Part one of the review of The Unique and Its Property, by Max Stirner, focussed on the positives. Part two is a critic of the negatives. Stirner’s views have much to commend them, and then at times, he misfires terribly by only seeing half the picture. That’s a dangerous perspective. Being right, but only half right, does two very perilous things to an argument. It makes it hard to refute because it’s partly correct. But remember, in logic if part of a statement is false, the entire statement is false. The second blow is a more serious problem. It allows readers to take his missteps out of context and read them as the whole message.

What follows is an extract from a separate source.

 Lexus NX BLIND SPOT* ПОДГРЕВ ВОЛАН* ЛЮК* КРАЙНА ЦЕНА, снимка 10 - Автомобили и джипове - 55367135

But the real means of payment remains, as always, capability. With what you have “in your capability” you pay. Therefore, think about the expansion of your capabilities.

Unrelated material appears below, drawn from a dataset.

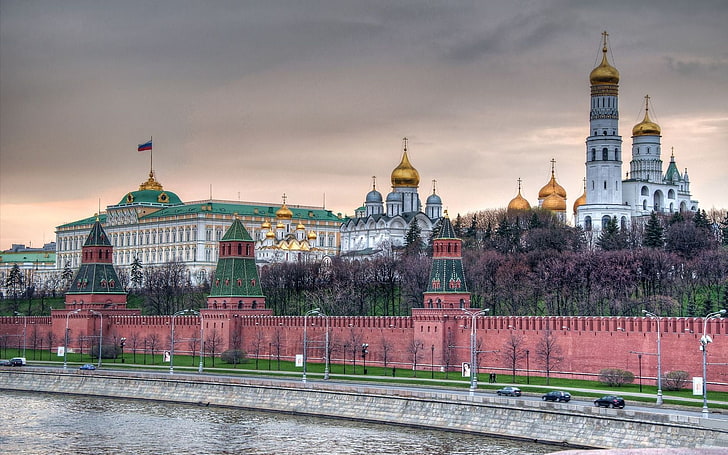 赤いコンクリートの壁、モスクワ、クレムリン、クレムリンの壁、遊歩道、教会、寺院、首都、 HDデスクトップの壁紙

In saying this, one is still right there in with the slogan : “To each according to his capability!” Who’s supposed to give me according to my capability? Society? Then I would have to put up with its estimation of me. Rather, I will take according to my capability.

I object to his use of the word “take.” It implies grabbing for all you can get without regard for others, without regard for the social, not society’s, response. It says in a manner, lie, cheat, and steal. There is no need to take, but “to hold” or “to keep” according to one’s capability. One’s power, autonomy, and capability is what most people give up and allow others to take. This is where the victim fails, yet this doesn’t justify the unjust taking of others’ capabilities. It doesn’t justify exploitation.

Everything belongs to everyone!” This proposition comes from the same empty theory [communist theory]. To each belongs only what he is capable of. If I say: The world belongs to me, that too is actually empty talk, which has meaning only insofar as I respect no alien property. But to me belongs only as much as I am capable of, or have the capability for.

A person isn’t worthy of having what he allows to be taken from him out of weakness; he isn’t worthy of it, because he isn’t capable of it.

Why do people allow their capabilities to be taken from them? It can be argued, as Stirner does, they don’t deserve ownership and autonomy because they’ve capitulated their own. That is true enough, but only half the story. It still requires the thief to steal it. It still requires the cheat to convince them to abandon their own. It may be in my power to swindle others, but to reiterate from part one, it’s not in my best interest. It destabilizes social networks. It creates distrust and incites reciprocal lying, cheating and stealing. It is not in my best interest to be constantly looking over my shoulder. It is not in my best interest to be on guard for retaliatory attacks on myself.

One needs to take, hold ownership of oneself. And we need to take ownership of everything. When the world belongs to me, I have responsibility for it, as everyone else does also. Stirner berates this position in contradiction to his other statements. He fails to see the whole picture of his own ownership and egoism.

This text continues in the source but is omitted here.